The Antwerp fortress is the fortified settlement, in which Antwerp originated. The fortress was enclosed by the Scheldt quays, the moat around the fortress and Palingbrug.
The Antwerp fortress was originally built in the ninth century and fortified with a palisade. The fortress site was subsequently expanded with the wharf or “Werf” on the Scheldt, a spit in the river where ships could moor.
At the end of the ninth century, the wooden palisade was replaced by an earthen wall with a moat beyond it. The wall was built in politically unstable times, in which the Franks fought against the Vikings. It thus remains to be seen whether the fortress was built by the Franks or the Vikings.

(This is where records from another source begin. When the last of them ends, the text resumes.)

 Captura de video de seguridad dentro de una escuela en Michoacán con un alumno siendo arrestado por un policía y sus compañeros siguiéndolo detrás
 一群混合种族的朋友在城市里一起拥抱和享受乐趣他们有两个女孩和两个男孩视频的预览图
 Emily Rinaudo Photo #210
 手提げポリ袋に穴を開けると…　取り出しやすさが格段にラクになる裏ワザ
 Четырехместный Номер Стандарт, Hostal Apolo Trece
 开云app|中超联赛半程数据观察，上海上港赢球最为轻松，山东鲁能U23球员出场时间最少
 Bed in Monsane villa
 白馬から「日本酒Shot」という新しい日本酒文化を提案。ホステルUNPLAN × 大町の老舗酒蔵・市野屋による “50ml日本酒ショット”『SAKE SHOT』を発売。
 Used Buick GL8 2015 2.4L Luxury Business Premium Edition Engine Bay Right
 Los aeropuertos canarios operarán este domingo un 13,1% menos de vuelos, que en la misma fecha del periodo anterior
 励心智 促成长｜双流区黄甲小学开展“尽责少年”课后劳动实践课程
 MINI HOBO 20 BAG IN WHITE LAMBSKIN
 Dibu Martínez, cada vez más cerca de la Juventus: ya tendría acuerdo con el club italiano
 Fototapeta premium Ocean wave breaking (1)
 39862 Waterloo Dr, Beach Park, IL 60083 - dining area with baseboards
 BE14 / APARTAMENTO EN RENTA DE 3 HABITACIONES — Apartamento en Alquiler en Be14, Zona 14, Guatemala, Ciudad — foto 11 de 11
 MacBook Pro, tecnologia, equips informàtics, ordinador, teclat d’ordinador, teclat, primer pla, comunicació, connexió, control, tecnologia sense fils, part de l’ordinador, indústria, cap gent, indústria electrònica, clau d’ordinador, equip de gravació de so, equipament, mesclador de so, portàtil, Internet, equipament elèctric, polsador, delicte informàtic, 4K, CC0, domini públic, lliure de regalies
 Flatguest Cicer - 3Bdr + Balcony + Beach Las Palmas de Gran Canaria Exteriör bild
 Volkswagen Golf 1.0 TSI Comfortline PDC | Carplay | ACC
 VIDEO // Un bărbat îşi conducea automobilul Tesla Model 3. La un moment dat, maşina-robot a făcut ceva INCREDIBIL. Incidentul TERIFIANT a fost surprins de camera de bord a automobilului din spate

A pre-urban trading post with wooden houses/workshops in streets and alleys developed within the enclosure. The inhabitants worked wood, textile, bone and metal here.
In the eleventh century, an imposing limestone wall was probably built along the outside of the earthen wall. Gradually stone buildings with urban functions also appeared. Over time, the fortress lost its function and it was absorbed in the growing medieval city.
During the last quarter of the nineteenth century, the Scheldt quays were re-aligned. A large part of the Antwerp fortress site was demolished, including the wharf and St. Walpurga’s Church.
As a result, the fortress became a forgotten city icon.
A recent archaeological survey has put the fortress site in the spotlight again. The results confirm the existing knowledge as well as yielding new information. In 2010, the Antwerp fortress site became a listed archaeological monument because of its exceptional cultural, historical and scientific value.